# Calculo de iluminación con leds



## plasen (Nov 28, 2008)

hola estoy interesado en realizar iluminacion con leds.

me gustaria que alguien me echaria una mano a la hora de calcular en nº de leds de 5mm necesarios para iluminar una zona de 3 metros de alta partiendo de los datos de la hoja de caracteristicas.

agradezco vuestra respuesta. un saludo


----------



## fernandoae (Nov 28, 2008)

Y... todo depende del nivel de iluminacion que necesites... a partir de ahi entran en juego varios factores como la apertura de los leds, la potencia de los mismos (las milicandelas), etc


----------



## plasen (Nov 28, 2008)

de acuerdo , el nivel de iluminacion no lo tengo muy claro porque trato de realizar una iluminacion a base de leds ir para que una camara de ir tenga una vision buenoa en una longitud dee 3 metros.

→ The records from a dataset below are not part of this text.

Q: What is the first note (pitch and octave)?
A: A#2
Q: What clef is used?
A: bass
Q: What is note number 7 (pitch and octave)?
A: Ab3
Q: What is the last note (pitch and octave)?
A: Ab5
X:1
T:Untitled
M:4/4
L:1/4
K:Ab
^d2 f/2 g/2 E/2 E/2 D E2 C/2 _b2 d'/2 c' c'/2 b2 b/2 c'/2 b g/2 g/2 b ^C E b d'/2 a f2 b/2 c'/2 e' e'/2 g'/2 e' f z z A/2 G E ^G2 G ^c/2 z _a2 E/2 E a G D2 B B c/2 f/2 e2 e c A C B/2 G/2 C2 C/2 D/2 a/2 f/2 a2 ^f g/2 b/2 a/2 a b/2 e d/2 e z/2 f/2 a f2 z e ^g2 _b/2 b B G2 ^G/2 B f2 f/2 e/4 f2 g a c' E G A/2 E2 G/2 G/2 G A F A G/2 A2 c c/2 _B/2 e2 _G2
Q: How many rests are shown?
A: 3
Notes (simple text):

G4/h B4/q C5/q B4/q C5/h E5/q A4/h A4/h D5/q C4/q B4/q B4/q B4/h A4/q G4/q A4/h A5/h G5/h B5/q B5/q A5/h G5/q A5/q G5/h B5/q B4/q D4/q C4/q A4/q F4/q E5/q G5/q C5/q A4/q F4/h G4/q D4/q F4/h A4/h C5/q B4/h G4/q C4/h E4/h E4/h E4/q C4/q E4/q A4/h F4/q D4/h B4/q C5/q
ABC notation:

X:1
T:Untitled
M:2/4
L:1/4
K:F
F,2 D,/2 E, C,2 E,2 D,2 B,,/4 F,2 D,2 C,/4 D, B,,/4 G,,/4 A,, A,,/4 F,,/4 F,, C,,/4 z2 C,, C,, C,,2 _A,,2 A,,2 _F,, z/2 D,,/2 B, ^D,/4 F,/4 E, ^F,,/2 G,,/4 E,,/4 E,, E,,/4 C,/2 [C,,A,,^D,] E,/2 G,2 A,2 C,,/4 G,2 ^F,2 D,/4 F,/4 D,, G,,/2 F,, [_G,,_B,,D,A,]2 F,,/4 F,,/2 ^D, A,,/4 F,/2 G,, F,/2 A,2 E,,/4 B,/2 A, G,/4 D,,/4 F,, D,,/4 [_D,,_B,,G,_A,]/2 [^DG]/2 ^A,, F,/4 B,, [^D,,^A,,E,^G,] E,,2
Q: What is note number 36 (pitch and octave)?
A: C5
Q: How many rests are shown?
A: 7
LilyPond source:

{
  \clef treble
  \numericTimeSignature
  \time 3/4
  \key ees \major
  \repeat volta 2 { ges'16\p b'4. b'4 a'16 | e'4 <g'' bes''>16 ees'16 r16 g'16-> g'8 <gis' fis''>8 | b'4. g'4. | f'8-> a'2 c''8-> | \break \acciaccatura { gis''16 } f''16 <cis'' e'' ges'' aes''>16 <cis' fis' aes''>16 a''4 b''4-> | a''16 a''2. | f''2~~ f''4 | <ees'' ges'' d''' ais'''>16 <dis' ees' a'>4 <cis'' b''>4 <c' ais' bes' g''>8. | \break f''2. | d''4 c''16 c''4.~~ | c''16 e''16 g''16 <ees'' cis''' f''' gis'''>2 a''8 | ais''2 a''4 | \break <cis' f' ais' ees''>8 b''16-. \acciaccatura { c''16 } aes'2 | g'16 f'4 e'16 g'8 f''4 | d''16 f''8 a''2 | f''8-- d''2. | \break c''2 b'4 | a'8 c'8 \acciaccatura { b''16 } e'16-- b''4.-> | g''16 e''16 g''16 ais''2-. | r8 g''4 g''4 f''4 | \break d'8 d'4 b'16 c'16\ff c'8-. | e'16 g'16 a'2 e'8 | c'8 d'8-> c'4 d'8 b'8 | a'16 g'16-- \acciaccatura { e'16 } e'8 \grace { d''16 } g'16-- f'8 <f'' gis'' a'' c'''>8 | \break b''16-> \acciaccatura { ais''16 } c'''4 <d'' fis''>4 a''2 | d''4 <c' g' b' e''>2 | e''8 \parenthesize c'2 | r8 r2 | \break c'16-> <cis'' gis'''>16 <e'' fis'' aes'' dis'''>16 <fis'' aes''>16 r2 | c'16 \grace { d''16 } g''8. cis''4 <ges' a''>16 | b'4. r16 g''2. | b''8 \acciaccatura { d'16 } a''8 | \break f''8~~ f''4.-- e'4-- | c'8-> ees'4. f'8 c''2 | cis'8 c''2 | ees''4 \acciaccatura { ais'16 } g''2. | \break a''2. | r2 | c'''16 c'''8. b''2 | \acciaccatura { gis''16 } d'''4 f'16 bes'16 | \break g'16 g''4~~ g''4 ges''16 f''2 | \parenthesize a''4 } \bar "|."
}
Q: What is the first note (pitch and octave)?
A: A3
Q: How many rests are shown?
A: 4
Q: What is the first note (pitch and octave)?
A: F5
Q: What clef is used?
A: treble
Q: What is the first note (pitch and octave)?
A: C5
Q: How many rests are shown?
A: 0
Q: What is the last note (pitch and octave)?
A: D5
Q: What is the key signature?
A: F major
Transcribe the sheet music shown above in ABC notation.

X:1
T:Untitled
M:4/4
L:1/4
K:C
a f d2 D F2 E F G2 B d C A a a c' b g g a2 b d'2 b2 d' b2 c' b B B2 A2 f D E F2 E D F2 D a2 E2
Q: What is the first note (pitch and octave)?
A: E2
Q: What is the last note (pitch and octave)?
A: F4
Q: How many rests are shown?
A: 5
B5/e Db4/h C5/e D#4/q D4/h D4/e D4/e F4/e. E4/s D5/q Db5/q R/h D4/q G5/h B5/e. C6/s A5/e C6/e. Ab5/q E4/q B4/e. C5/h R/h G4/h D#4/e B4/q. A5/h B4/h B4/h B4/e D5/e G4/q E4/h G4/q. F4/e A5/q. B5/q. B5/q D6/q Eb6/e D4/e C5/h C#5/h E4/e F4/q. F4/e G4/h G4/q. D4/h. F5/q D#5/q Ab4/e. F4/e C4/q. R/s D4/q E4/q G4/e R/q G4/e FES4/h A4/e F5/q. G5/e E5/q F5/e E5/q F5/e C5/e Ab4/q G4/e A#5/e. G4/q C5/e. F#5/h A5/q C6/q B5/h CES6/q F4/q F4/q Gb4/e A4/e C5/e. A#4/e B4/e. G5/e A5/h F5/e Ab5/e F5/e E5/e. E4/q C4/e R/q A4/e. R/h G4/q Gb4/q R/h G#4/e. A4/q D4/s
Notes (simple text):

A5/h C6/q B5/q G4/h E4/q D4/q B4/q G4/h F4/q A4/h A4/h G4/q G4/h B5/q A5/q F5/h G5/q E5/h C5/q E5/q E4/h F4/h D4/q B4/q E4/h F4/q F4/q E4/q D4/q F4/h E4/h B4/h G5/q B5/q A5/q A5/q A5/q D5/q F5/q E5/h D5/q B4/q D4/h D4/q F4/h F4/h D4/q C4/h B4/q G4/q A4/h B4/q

El amgulo de apertura seria de unos 30 º , pero a esa cuestion es a la que me refiero, teniendo esos datos de la hoja de caracteristicas del diodo como puedo calcular los diodos que tengo que poner para obtener unos 100 lux ( considerado una iluminacion de interior general.

el objetibo es obtener un metodo para calcular cualquier iliminacion.


----------



## Chico3001 (Nov 29, 2008)

No es nada facil lo que pides por que intervienen muchas variables muy complejas de analizar, de entrada los fabricantes generalmente dan la intensidad de los leds en candelas y tu las estas solicitando en lux, como son unidades de medida distinta (la candela es puntual y el lux es por area) se tiene que aplicar una conversion, pero resulta que ese tipo de conversiones depende mucho de los factores externos que intervengan, por ejemplo si hay otras fuentes de luz, a que distancia, la longitud de onda de cada una y hasta el patron de radiacion que esten dando

En mi opinion resolver esta pregunta requeriria una carrera de ingenieria completa, asi que mejor aplica el metodo facil... construye una placa con un numero de leds conocidos (10, 20, o lo que consideres necesario) ilumina el area con esa placa y despues ve añadiendo placas identicas hasta lograr la iluminacion que necesites... 

Contando el numero de leds que se ven en fotos de camaras CCD sacadas de internet podemos saber que tipicamente tienen de 6 a 10 leds, ese dato de puede servir para el experimento...


----------



## plasen (Nov 29, 2008)

Esa era mi idea inicial,la de prueba -error, pero en el proyecto me pedian un calculo aunque seria aprosimado de el numero de leds necesarios,.

agradeceria que me colgaran algun enlace en el que hacen algo similar, o esplicar los pasoas a seguir para un calculo en una sitiacion dada, bamos algo de información sobre el tema, porque yo no encuentro nada.


Por otr0 lado no encuentro en nunguna hoja de caracteristicas , las candelas q ue proporciona un led ir
, encuentro la potencia, longuitud de onda y poco mas parametrtos interesantes para estos calculos


----------



## juvehol (Abr 12, 2011)

amigo para conversion de mcd a lm es necesario conocer el angulo de apertura de los leds ya que los lumens hacen referencia es a flujo luminoso mientras que mcd hace referencia a intensidad. en este enlace esta la conversion sencilla, http://www.ohmslawcalculator.com/mcd_to_lumens.php sin embargo seria necesario hacer un estudio mas detallado incluyendo el color de paredes, pisos y techo.


----------